Este fato está melhor apresentado no recém lançado documentário “Coded Bias“, que tem Buolamwini como protagonista. Esta denúncia escancarou ainda mais o problema dos vieses algorítmicos, cujas implicações se dão sobretudo em grupos racializados. Algumas práticas discriminatórias podem se sofisticar a partir dessas máquinas, aprofundando ainda mais as desigualdades.

As tecnologias e softwares digitais de identificação facial ainda são “novidades” no Brasil, mas a prática de identificação de “suspeitos” através de fotos de bancos de dados é amplamente utilizada pelas polícias do país. Um levantamento feito em 2020 pelo Condege (Colégio Nacional dos Defensores Públicos Gerais) apontou que 83% dos presos injustamente através do reconhecimento por foto são negros.

Algoritmos também passam por decisões políticas 

O uso de drones atiradores, reconhecimento facial, máquinas de raio-x, algoritmos que avaliam as chances de reincidência de condenados da justiça são tecnologias que vêm sendo incensadas como inovação, mas costumam apontar como suspeitos os mesmos alvos de sempre: pessoas negras, moradores de comunidades pobres e grupos historicamente marginalizados.

Em Dark Matters (2015), Simone Browne aponta que a vigilância sempre foi um instrumento utilizado para controle da população, desde a época escravidão. O reconhecimento facial não seria, portanto, algo novo, apenas uma sofisticação do modelo político de tratar essas pessoas.

Mais do que ver a vigilância como algo inaugurado pelas novas tecnologias…vê-la como permanente é insistir em que levemos em consideração o modo como o racismo e a anti-negritude reforçam e sustentam as vigilâncias cruzadas de nossa ordem atual (2015).

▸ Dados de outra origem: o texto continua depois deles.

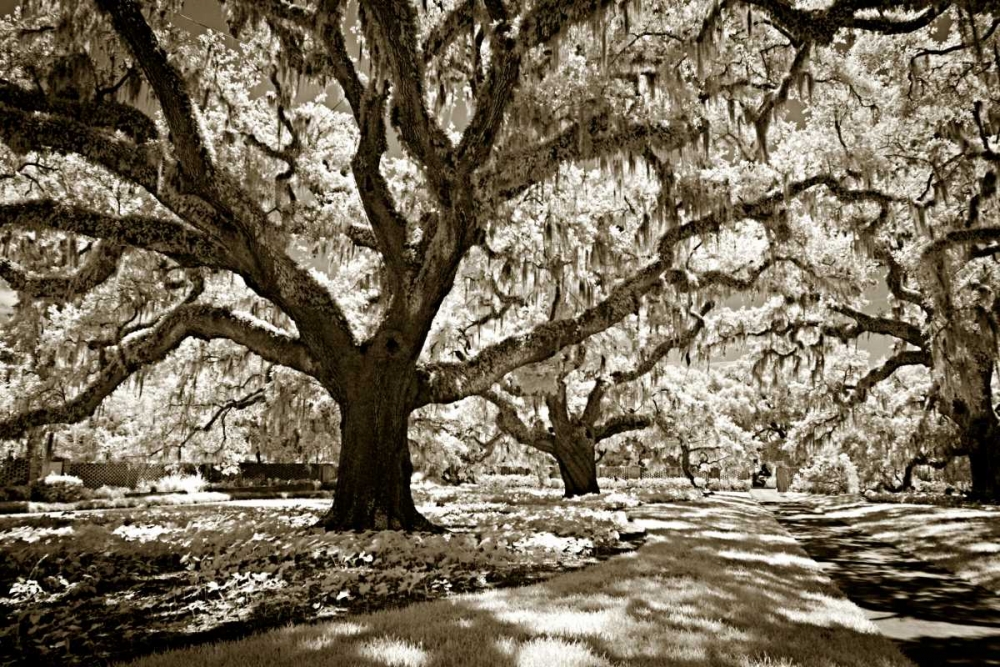 Plantation Walk I art print by Alan Hausenflock for $57.95 CAD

Apesar disso, o estabelecimento destas tecnologias de vigilância e monitoramento não têm se espalhado de maneira acrítica. Movimentos no mundo inteiro têm contestado os usos políticos dessas tecnologias e realizado ações para combatê-las ou ao menos exigir mais transparência na maneira como elas são utilizadas. Durante os protestos de Hong Kong, onde a população foi às ruas para lutar contra um projeto de lei que permitiria a extradição de suspeitos de crimes para a China continental, os manifestantes utilizaram raios laser para inutilizar as câmeras. Alguns ativistas chegaram a pintar as câmeras dispostas nas ruas com tinta.

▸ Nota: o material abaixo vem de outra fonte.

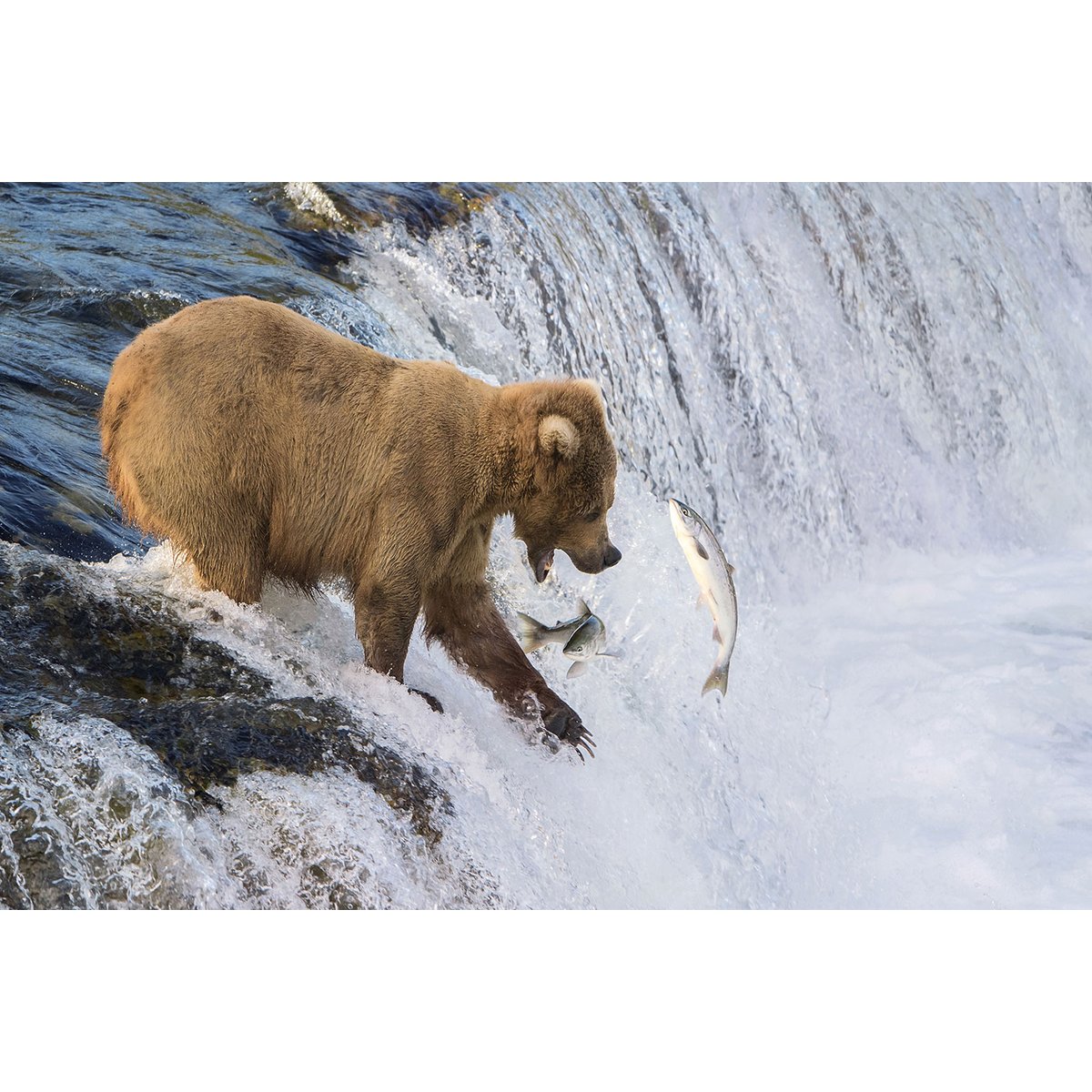 Tableau Un ours pêche sur le bord tableau alu dibond, HEXOA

Manifestantes de Hong Kong utilizam raio laser para inviabilizar a captura de imagens para reconhecimento facial. Crédito: AFP

 

Em 2020, o assassinato de George Floyd por um policial branco em Minneapolis (EUA) também trouxe à tona a discussão sobre a violência policial contra pessoas negras e a contribuição das tecnologias digitais para isso. A morte de Floyd impulsionou protestos no mundo inteiro, que clamavam pela reformulação da polícia (#DefundThePolice) e mais justiça social para as minorias. Depois disso, nos Estados Unidos, a Amazon e a Microsoft se comprometeram a interromper o desenvolvimento de suas tecnologias de reconhecimento facial por tempo indeterminado, já que esta tecnologia foi identificado como uma ferramenta que auxilia no encarceramento em massa de pessoas negras.

No Rio de Janeiro, as câmeras de reconhecimento facial foram desligadas por falta de recursos para manutenção. As informações sobre o que elas capturaram enquanto estiveram ativas seguem sendo uma caixa preta. O Radar Legislativo, da organização de direitos digitais Coding Rights, já identificou projetos de lei que abordam diretamente o tema do  reconhecimento facial. Entre eles, o PL 604/21, que “veda a prisão preventiva baseada exclusivamente em reconhecimento facial”.

Criar bancos de dados mais diversos para treinar máquinas (machine learning), criar códigos inclusivos, auditar as tecnologias e evitar as práticas discriminatórias não deveria ser uma demanda que vem apenas de ativistas. Somente ampliando a discussão e abrindo cada vez mais essas caixas pretas será possível criar tecnologias mais justas. Ainda há tempo.